*DATASET EXTRACT*:

════════

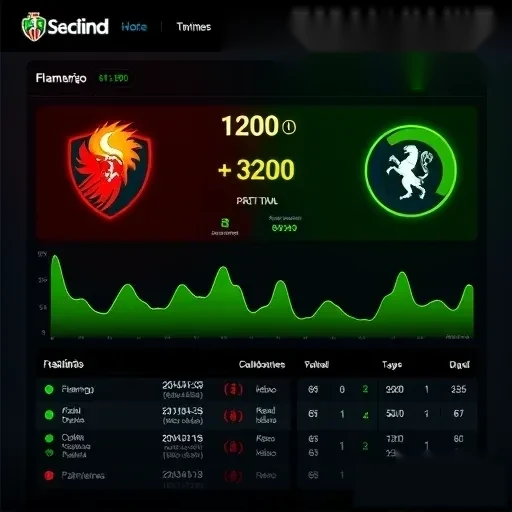 Perguntas sobre login na 122bet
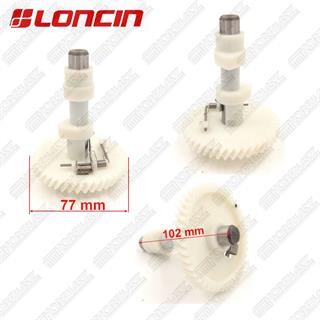 c41bf17691b2811ae7f819489d7b05e5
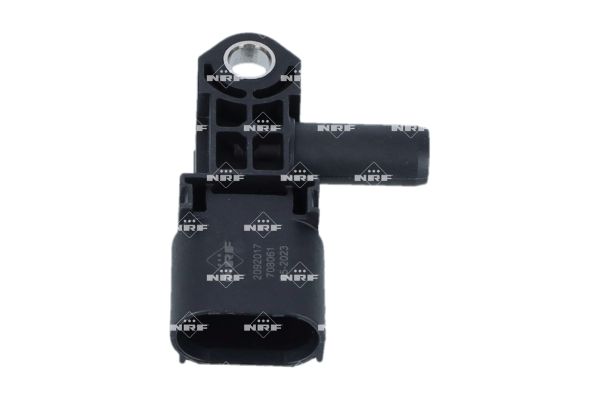 Uitlaatgasdruk sensor NRF 708061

════════

*WHAT IS REQUIRED*: Repeat the material above word for word; no images go in the copy.

*RESPONSE TO THIS EXERCISE*:
 Perguntas sobre login na 122bet
 c41bf17691b2811ae7f819489d7b05e5
 Uitlaatgasdruk sensor NRF 708061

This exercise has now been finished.